The lines to copy run from the one containing "iPhone 11 Pro Max Screen Replacement" to the very end of the records; give them exactly, and only them, without pictures.

Source material
+++++
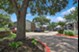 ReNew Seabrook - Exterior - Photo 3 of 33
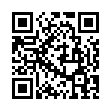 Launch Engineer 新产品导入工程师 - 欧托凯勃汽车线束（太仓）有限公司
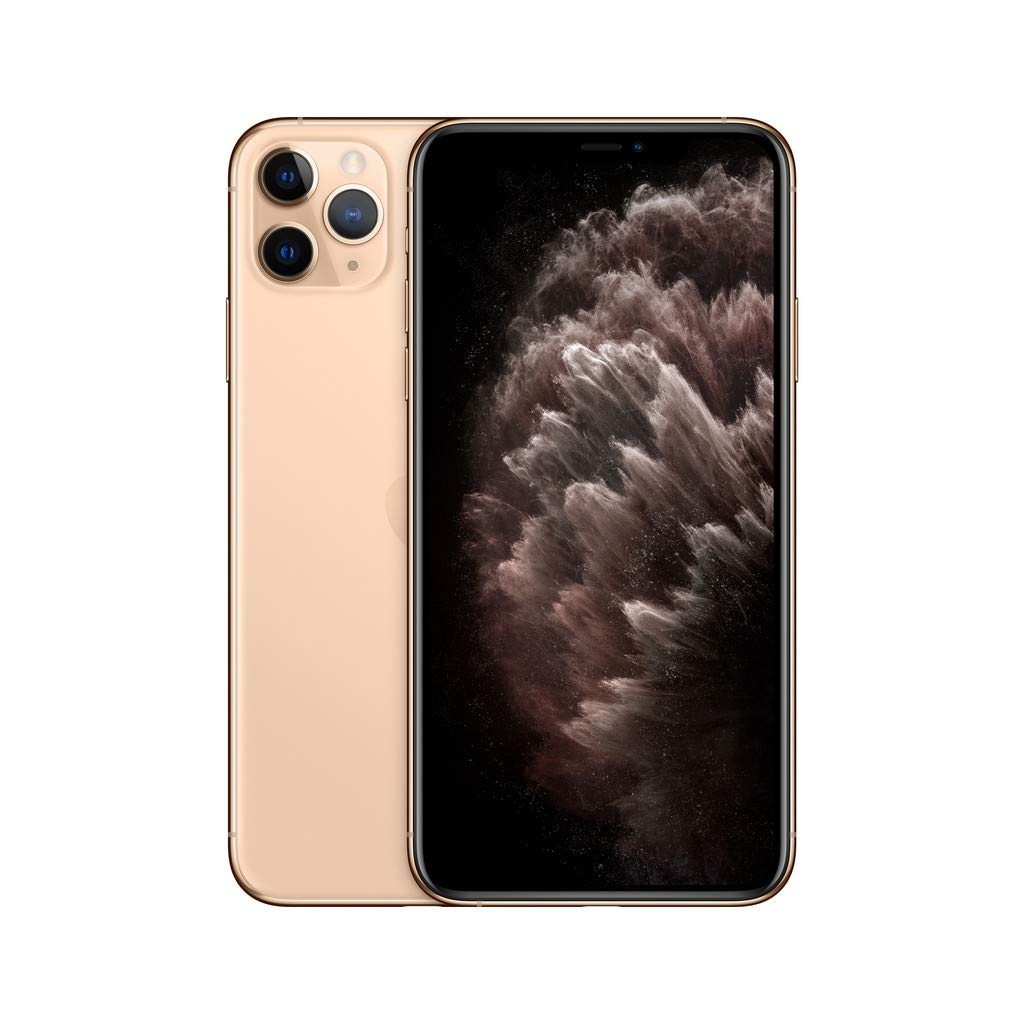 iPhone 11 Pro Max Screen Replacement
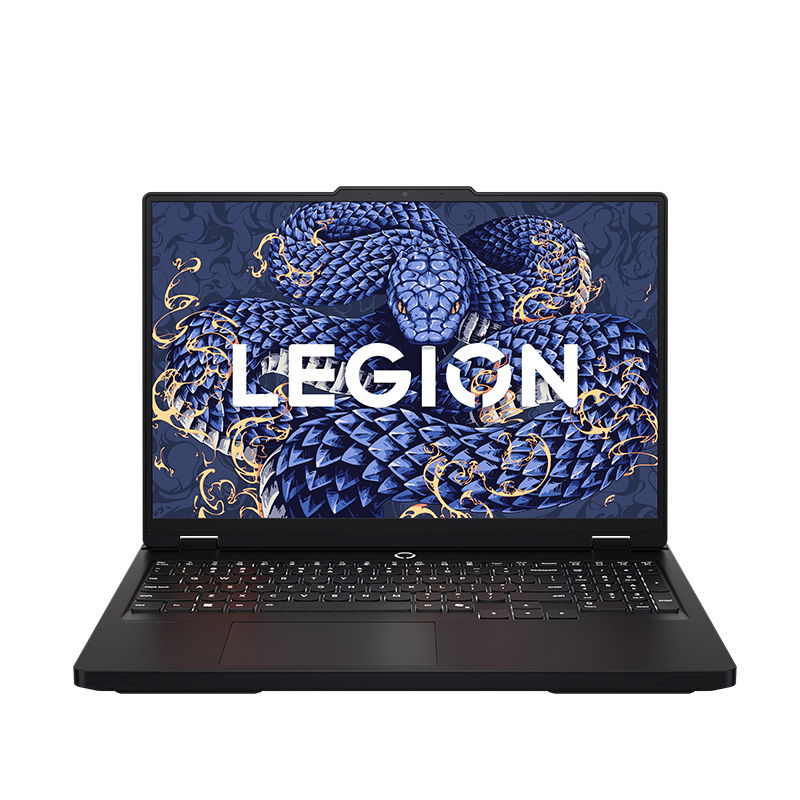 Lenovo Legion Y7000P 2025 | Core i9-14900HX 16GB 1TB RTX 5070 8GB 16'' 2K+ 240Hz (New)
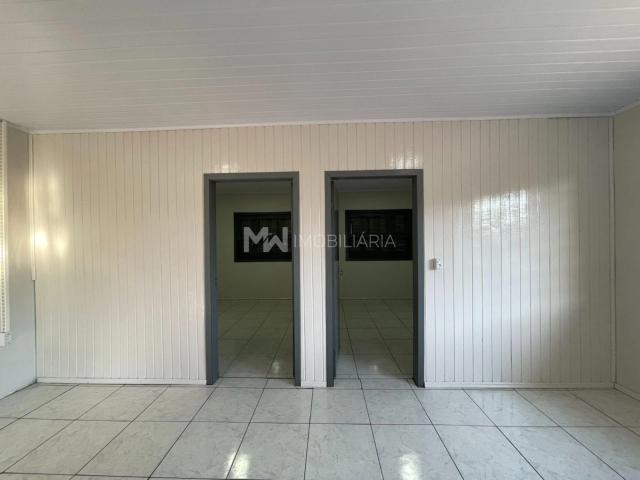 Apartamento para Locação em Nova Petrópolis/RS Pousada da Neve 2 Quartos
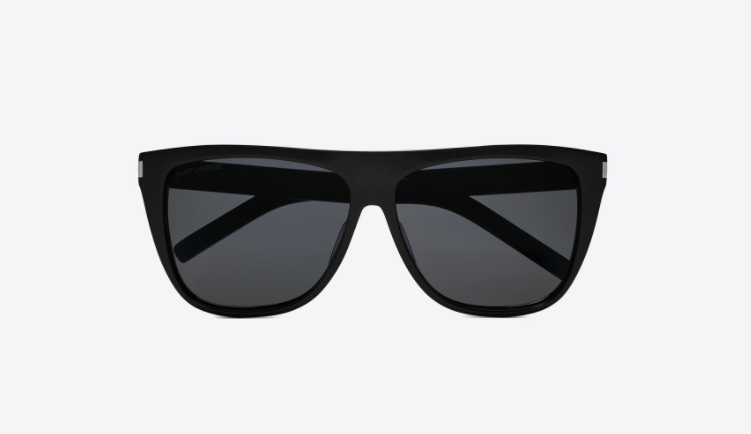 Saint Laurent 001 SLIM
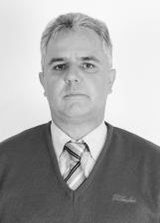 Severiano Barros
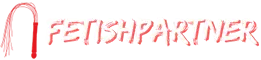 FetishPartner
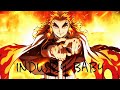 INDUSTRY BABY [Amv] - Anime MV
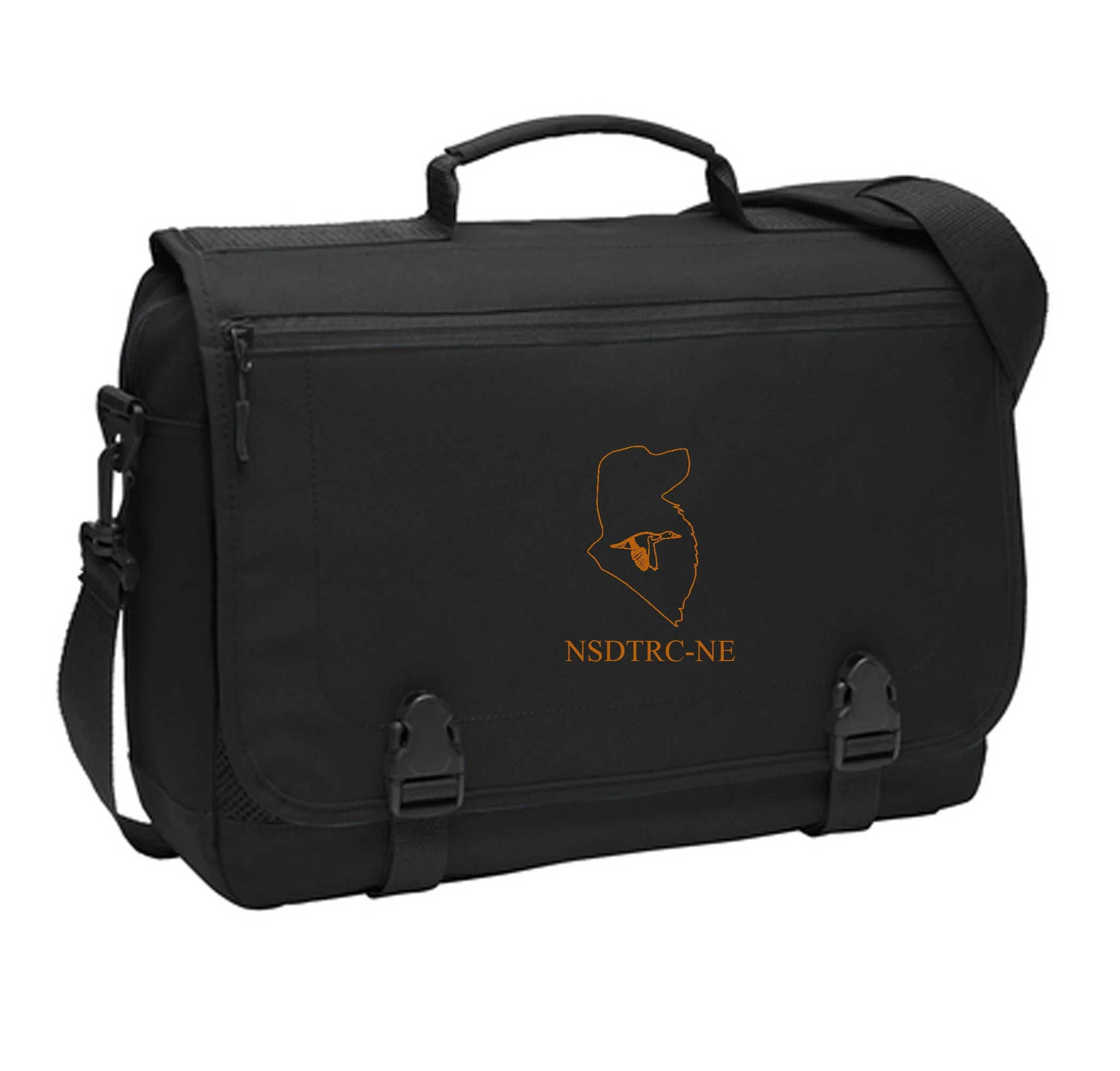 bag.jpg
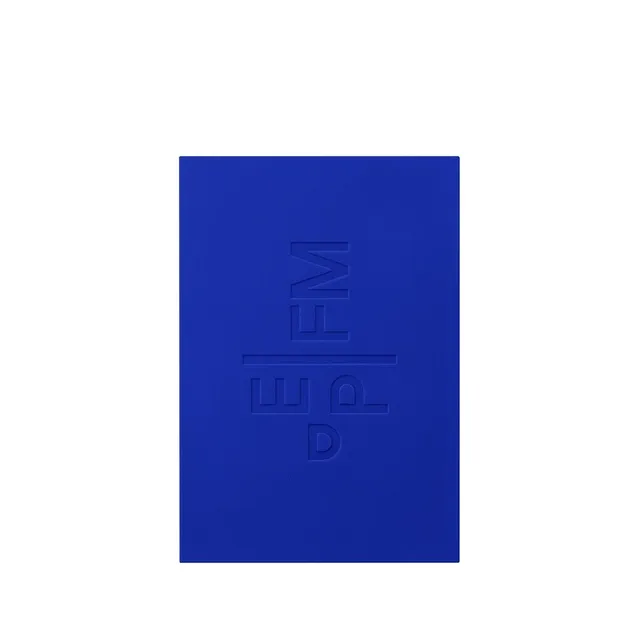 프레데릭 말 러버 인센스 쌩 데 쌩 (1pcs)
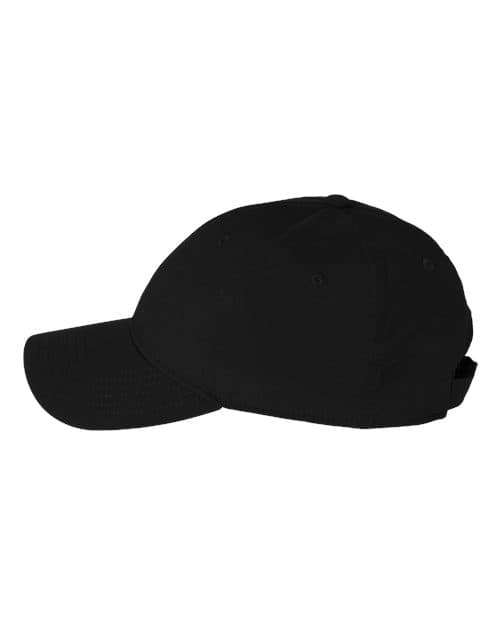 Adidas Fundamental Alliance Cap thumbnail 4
+++++
Answer section
 iPhone 11 Pro Max Screen Replacement
 Lenovo Legion Y7000P 2025 | Core i9-14900HX 16GB 1TB RTX 5070 8GB 16'' 2K+ 240Hz (New)
 Apartamento para Locação em Nova Petrópolis/RS Pousada da Neve 2 Quartos
 Saint Laurent 001 SLIM
 Severiano Barros
 FetishPartner
 INDUSTRY BABY [Amv] - Anime MV
 bag.jpg
 프레데릭 말 러버 인센스 쌩 데 쌩 (1pcs)
 Adidas Fundamental Alliance Cap thumbnail 4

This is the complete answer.